Di bebarisan langkah mulai teruntai ritme nada yang berdetak dari hentakan kaki, hentakan sepasang sepatu klimis yang mengkonotasikan seorang yang penuh akan kuasa sebagai sang pemakainya. Menenteng sebuah tas, dengan helaian jas hitam rapi sambil mengembangkan seuntai senyum layaknya para model yang berjalan di catwalk. Pernik kacamata yang terhias diwajah tampannya serta aura kebijaksanaan yang terpancar dari dalam dirinya. Hafidh fahmi, seorang yang multitalent peraih predikat sebagai lulusan terbaik UIN Syarif Hidayatullah. Dia juga lebih dikenal sebagai seorang santri Mamba’ul Ulum Pati. Jadi tak heran di profersinya yang sekarang ini, hafidz masih dapat berpegang teguh pada prinsip hidupnya.

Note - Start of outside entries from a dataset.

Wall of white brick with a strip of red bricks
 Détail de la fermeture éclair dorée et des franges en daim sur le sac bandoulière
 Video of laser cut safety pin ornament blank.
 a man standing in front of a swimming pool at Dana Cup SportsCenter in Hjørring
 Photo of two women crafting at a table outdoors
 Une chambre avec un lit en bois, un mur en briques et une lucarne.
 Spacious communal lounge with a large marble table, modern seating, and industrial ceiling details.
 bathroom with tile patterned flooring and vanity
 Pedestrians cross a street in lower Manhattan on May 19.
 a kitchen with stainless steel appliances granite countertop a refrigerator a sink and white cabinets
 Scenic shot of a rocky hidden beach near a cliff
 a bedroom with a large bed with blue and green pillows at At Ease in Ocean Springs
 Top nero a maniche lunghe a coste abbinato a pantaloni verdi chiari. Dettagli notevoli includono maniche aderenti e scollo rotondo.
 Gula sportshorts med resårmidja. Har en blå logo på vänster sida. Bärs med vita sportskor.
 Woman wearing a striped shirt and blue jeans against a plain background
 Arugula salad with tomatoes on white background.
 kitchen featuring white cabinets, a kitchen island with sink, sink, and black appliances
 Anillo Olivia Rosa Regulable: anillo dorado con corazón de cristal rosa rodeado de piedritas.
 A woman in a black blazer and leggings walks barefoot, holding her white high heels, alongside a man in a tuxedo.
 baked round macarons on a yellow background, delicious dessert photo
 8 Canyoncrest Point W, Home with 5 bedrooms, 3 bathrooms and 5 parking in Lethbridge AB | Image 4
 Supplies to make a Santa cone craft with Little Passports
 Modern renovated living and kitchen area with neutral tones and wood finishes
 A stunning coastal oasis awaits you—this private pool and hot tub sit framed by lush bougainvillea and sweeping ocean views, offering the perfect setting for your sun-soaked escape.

Terbuai dalam kehidupan dunia kadang membuat manusia lepas dari kodrat mula, mereka terlalu ingin menjadi yang serba lebih. Ketidakpuasan akan apa yang telah dianugrahkan oleh sang khalik, membuat kebanyakan orang melakukan jalan pintas untuk mendapatkan yang diinginkan. Halal ataukah Haram tak ada bedanya yang terpenting mereka mendapatkan apa yang mereka inginkan. Itulah yang selama ini mencarut marutkan pikiran Hafidz.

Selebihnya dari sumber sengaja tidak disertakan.